The College Office and Class Selection

The College Office, located in the Schoolhouse basement behind the Dean’s Office, is a mysterious entity to students before they reach Upper School. Although most students understand that college counselors help fifth and sixth formers through the college process, many lower schoolers are unsure of the particulars of college counselors’ jobs – perhaps most importantly, whether they’ll be able to take the courses they want to.

Aside from helping students find schools that are right for them and forming standardized testing plans, one of the major tasks of the College Office is to recommend classes for students. Their primary goal is to “balance rigor and performance,” says Director of College Counseling Megan Harlan. She says of the College Office, “we want you to take challenging classes, but still be able to have a life and be happy.” Since lower schoolers have less choice in classes, the class selection process happens in the spring term of fourth form, and again in fifth form winter. These two meetings, says Ms. Harlan, “allow students to grow and change, and switch to a different path if they decide they don’t like the track they’re on.”
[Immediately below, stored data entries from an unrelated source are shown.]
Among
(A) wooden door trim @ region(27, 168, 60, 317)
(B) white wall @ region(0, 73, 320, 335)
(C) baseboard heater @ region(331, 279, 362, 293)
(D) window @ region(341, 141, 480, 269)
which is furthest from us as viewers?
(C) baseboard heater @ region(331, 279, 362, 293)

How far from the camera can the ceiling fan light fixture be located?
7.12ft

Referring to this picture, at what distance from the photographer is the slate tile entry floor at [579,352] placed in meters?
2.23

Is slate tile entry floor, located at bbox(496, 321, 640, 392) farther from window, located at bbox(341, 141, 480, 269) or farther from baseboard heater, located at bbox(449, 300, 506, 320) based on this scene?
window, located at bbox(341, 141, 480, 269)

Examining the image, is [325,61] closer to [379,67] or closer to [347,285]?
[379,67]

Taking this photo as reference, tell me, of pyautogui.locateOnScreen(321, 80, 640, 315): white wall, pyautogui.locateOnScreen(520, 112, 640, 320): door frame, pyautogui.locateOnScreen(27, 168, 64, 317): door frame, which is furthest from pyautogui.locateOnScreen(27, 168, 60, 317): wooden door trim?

Julien Alam ’19 feels that he was able to pursue his passions. “For me at least,” he says, “they said ‘you’re a humanities kid. Just run with that.’” But he acknowledged that he had taken seven classes the previous year to complete his requirements, which may have contributed to the freedom to take courses he wanted to.

Other students, especially those uninterested in math or science, seem to have a different perspective. Becky Zhang ’18 says “if you’re a classics person, they will really push you towards STEM classes. They made me take a science class this year.” Michael Xiao ’18 argues that the problem is not universal: “It really depends on your counselor. Some will push you to take STEM classes, but some will just encourage you to do what you want to do.”

When asked about pushing students to take STEM courses, Ms. Harlan responds, “we really try to accommodate the pursuit of individual interests, but our main job is to help students make educated decisions.” The push for students to take science courses, she says, only feels unusual because Groton’s science requirement of one year in the Upper School is low among peer schools. (St. Paul’s, for example, requires three years of lab science. Brooks and Middlesex only require two, but strongly recommend three.) “We don’t want students finding a school they really want to attend in their Sixth Form year, and not being able to apply because they don’t meet the requirements,” Ms. Harlan says.

Many colleges popular among Groton students have such requirements. While Georgetown only requires one year of science unless a student plans to concentrate in math or science, Bowdoin strongly recommends at least three and Harvard recommends four. All three of these schools rank in the top five matriculations of Groton students between 2013 and 2017.

The College Office can sound intimidating, but they really are there to help students out. Trying to strike a balance between performance, rigor, individual interests and requirements can be difficult. As the Office’s mission statement says, the process is ultimately “an opportunity for personal growth, self-reflection, and self-discovery.